Competitive bidding for services
State and AAA contracts with direct service providers under the OAA should be opened periodically for competitive bidding or reviewed to ensure quality.
Current and prospective service providers should be evaluated on the basis of standardized criteria, including quality and effectiveness of service provision, capacity, and other factors.
The AoA and the entire aging network should ensure that all states engage in a comprehensive long-range planning process that spans all relevant state departments, agencies, and entities (such as those pertaining to health, housing, transportation, aging, etc.) in order to prepare for a rapidly aging and increasingly diverse population.
Congress should adjust appropriations for all Title III programs to reflect both growth in the older population and the effects of inflation, should earmark funding for the ombudsman program, and should significantly increase funding appropriations for the National Family Caregiver Support Program.

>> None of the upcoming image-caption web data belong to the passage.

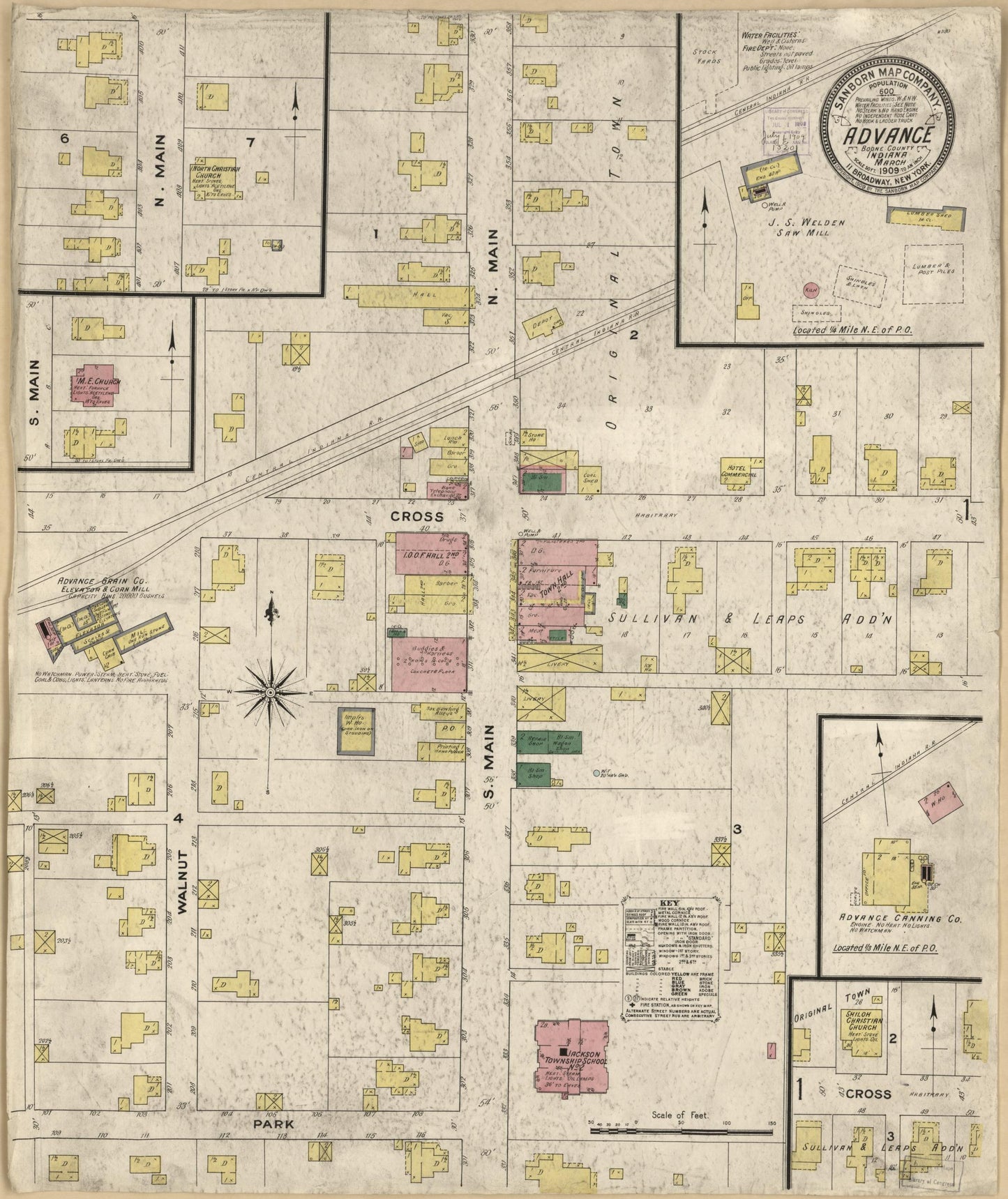 Sanborn Fire Insurance Map from Advance, Boone County, Indiana (1909), Sheet #0001 - Historic Sanborn Fire Insurance Map Print, vintage old map wall art, antique decor, genealogy gift, Indiana Indiana map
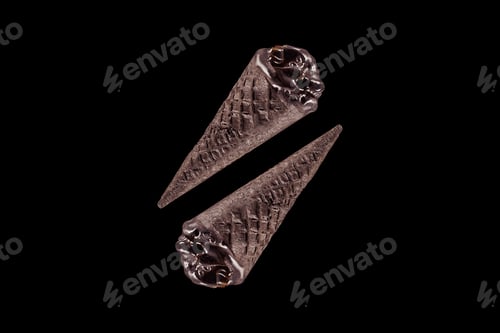 Preview: top view of two black ice cream isolated on black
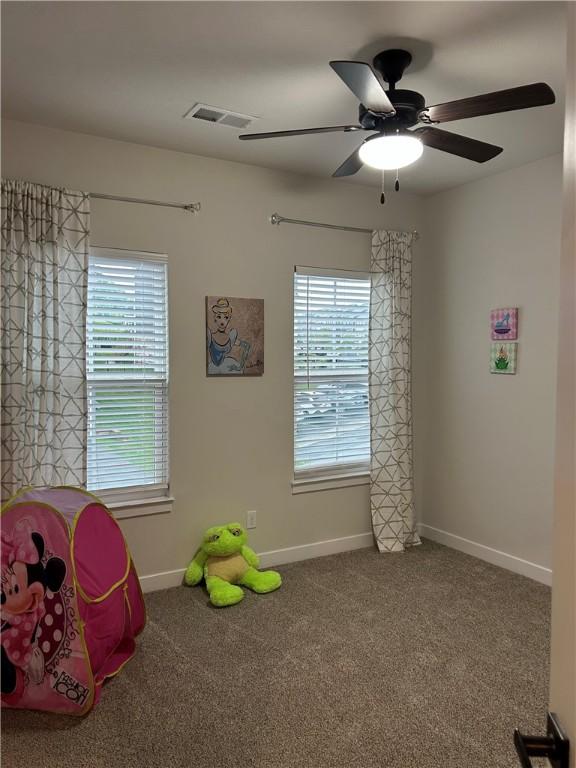 150 Moyer Hill Dr, Cranberry Twp, PA 16066 - playroom with carpet floors, ceiling fan, and baseboards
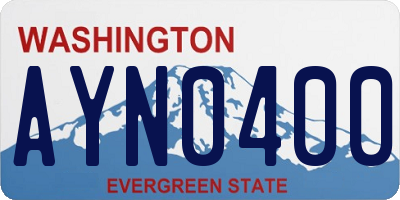 WA license plate AYN0400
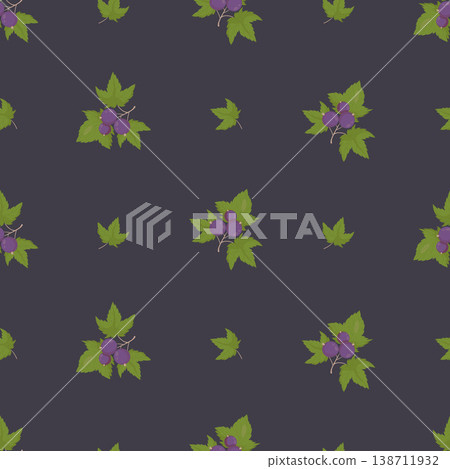 Blackcurrant Berry Seamless Pattern on Dark Graphite Background. Vector Botanical Illustration with Leaves and Branches. Square template Ornament Blackcurrant Berry Seamless Pattern on Dark Graphite Background. Vector Botanical Illustration with Leaves and Branches. Square template Ornament 138711932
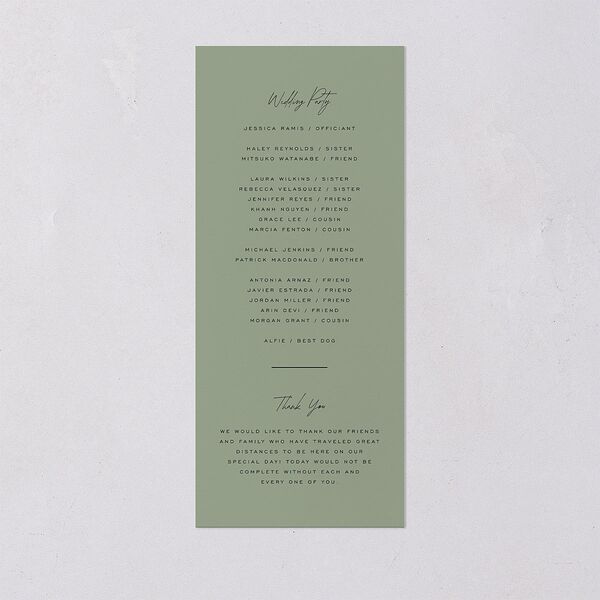Love Is Patient Wedding Programs Thyme Signature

States should supplement AoA funds to ensure adequate support for their long-term care ombudsman programs.
Support for family caregivers
The AoA should expand the capacity of the National Family Caregiver Support Program, including expanding respite services, allowing more hours per client, making eligibility guidelines more flexible, and increasing training offerings.
States and the AoA should strengthen the National Family Caregiver Support Program. States should perform family caregiver assessments to determine the needs of the individual family caregivers.
Substance abuse and mental health
States should expand programs that identify and increase awareness of (and heighten providers’ sensitivity to) depression, suicide risk, and substance abuse among older people. These programs should particularly target health and social service providers.